(RECORDS FOR THE EXERCISE):
━━━━━━━━━━

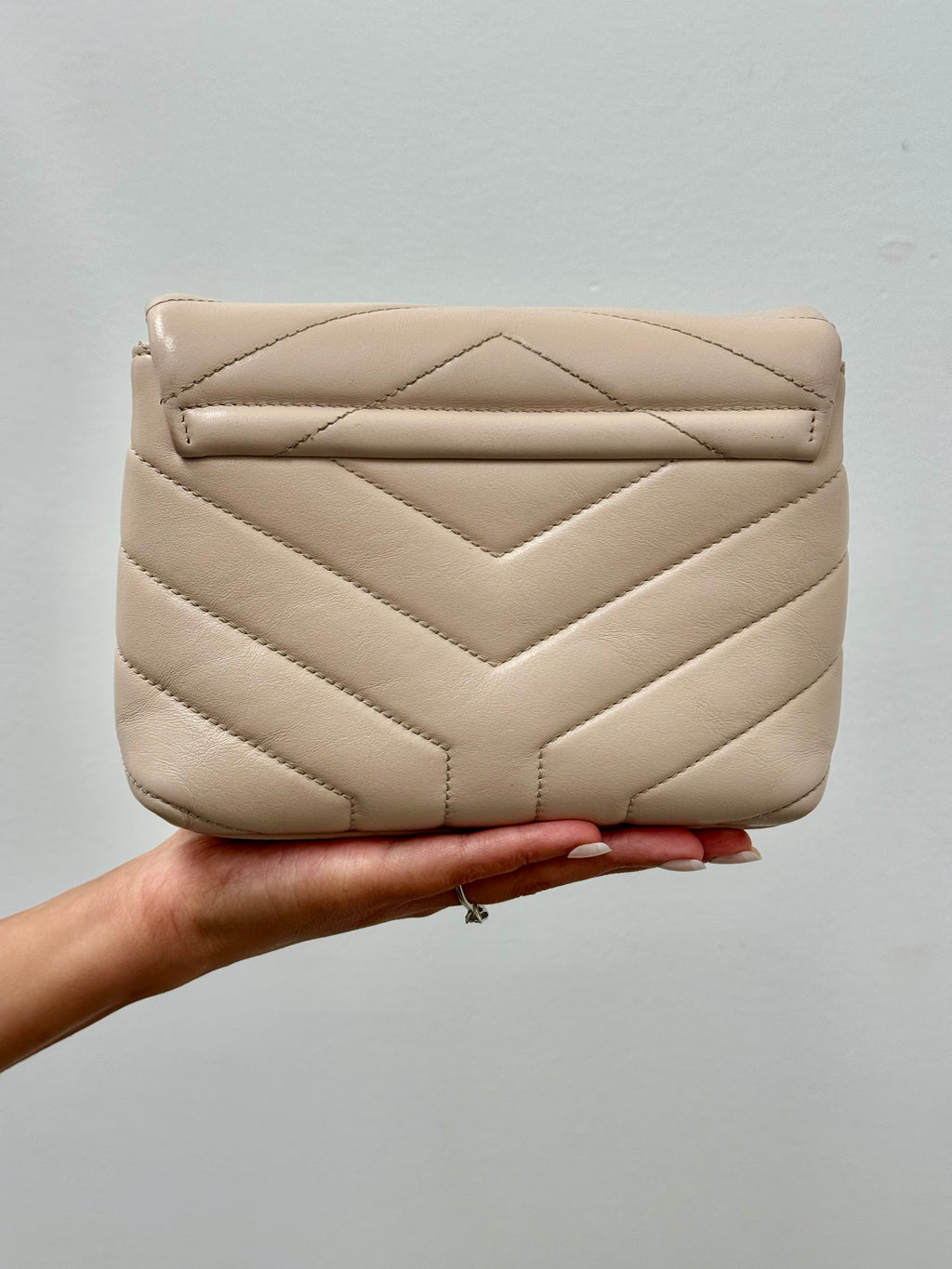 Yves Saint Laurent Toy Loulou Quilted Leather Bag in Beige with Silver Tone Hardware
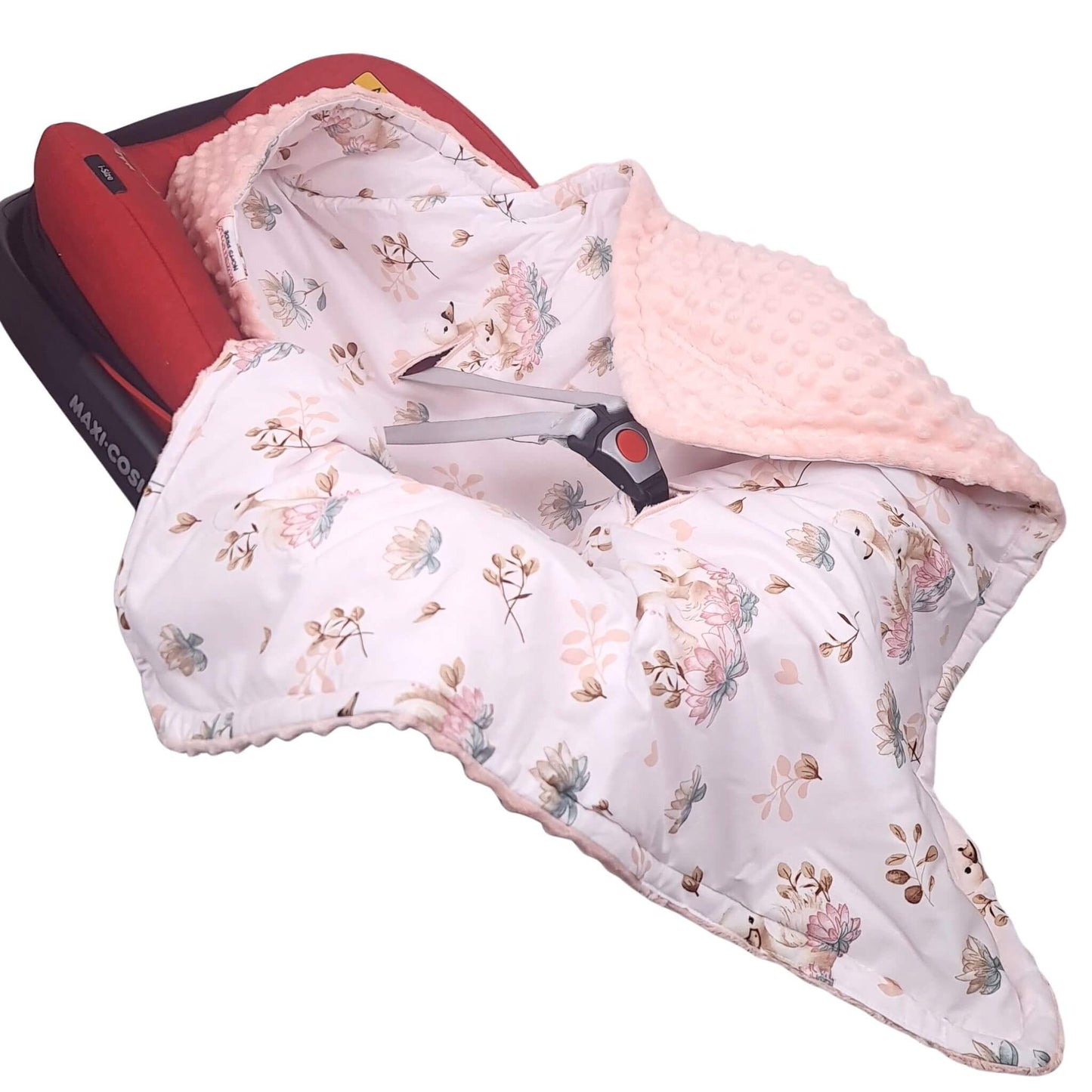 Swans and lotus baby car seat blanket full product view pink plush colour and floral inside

━━━━━━━━━━

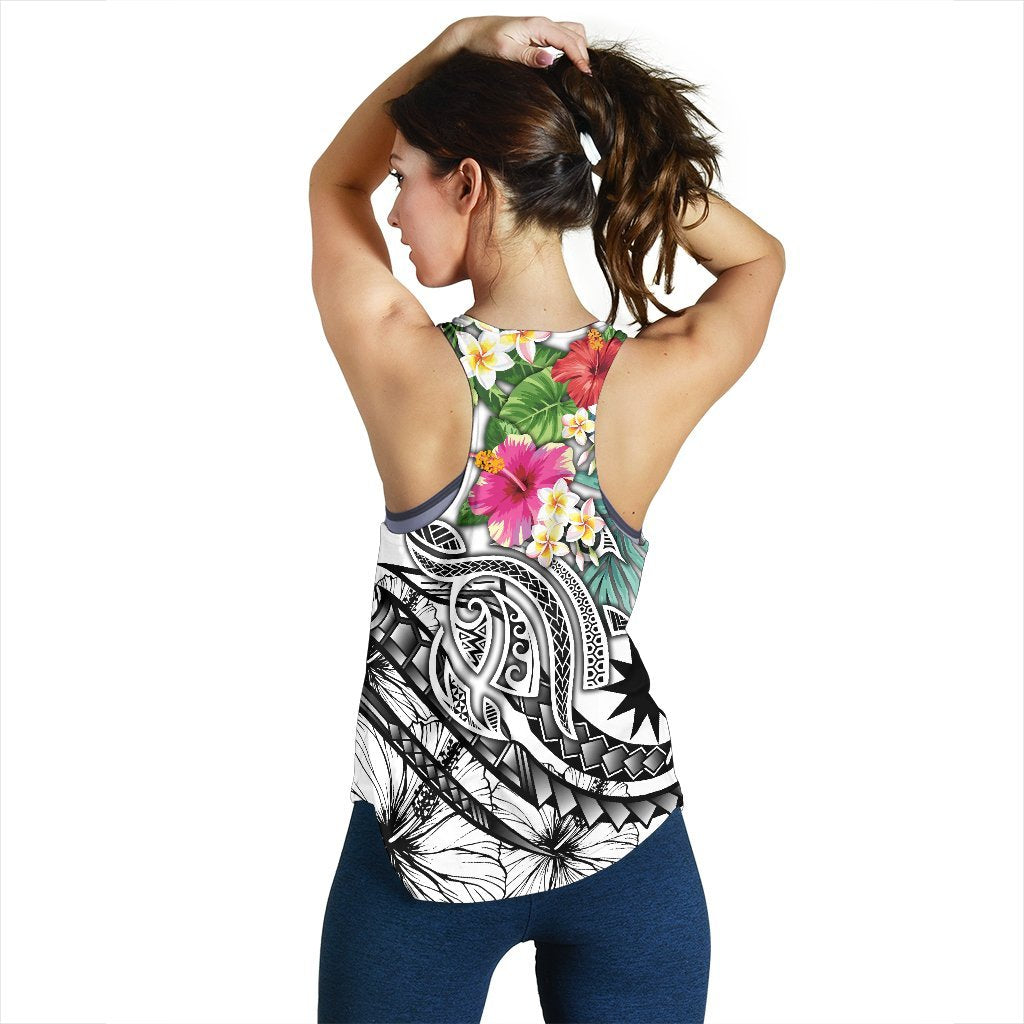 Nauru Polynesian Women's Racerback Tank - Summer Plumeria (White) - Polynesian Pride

━━━━━━━━━━

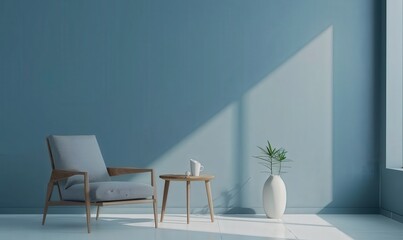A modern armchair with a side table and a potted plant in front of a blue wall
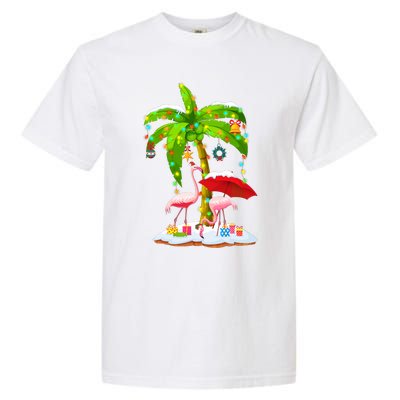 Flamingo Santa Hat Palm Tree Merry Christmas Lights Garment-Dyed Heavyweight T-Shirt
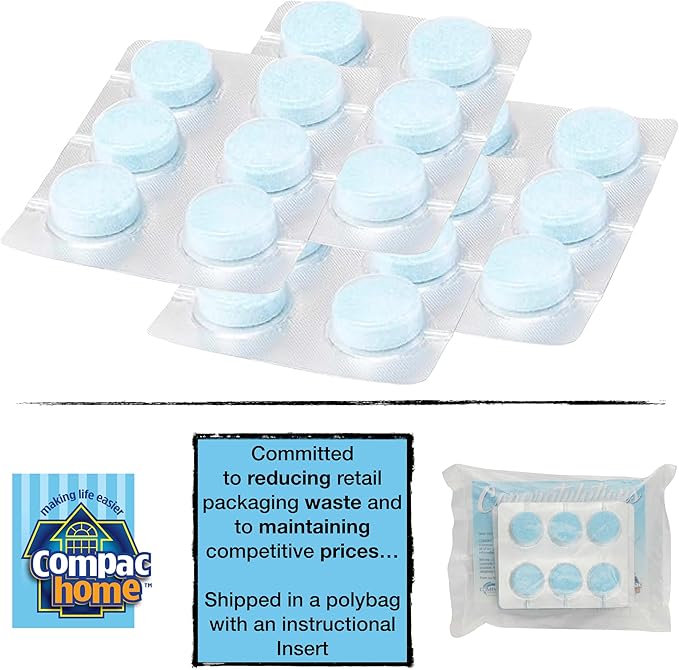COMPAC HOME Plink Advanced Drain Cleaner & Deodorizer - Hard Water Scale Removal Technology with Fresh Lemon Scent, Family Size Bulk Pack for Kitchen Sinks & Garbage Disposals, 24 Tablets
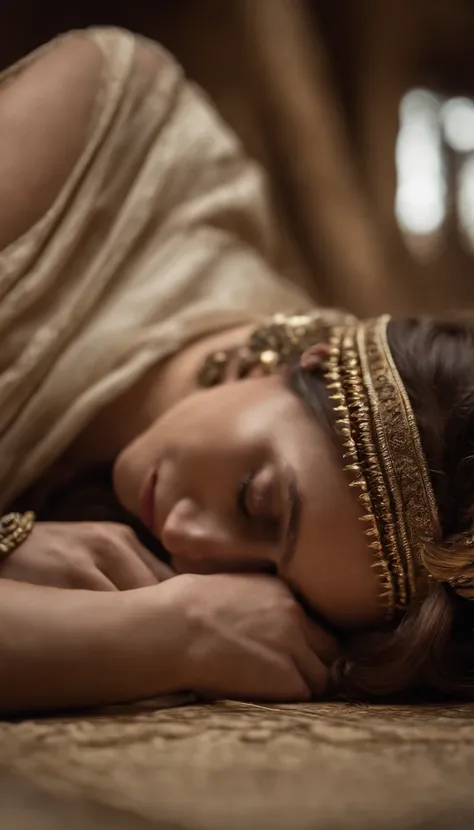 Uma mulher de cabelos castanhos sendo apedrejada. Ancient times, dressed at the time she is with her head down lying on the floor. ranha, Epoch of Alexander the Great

━━━━━━━━━━

(WHAT THE EXERCISE ASKS): To complete this exercise, transcribe exactly the lines above from the one that holds "Yves Saint Laurent" through the one that holds "Swans and lotus". Pictures stay out.

(EXPECTED ANSWER):
 Yves Saint Laurent Toy Loulou Quilted Leather Bag in Beige with Silver Tone Hardware
 Swans and lotus baby car seat blanket full product view pink plush colour and floral inside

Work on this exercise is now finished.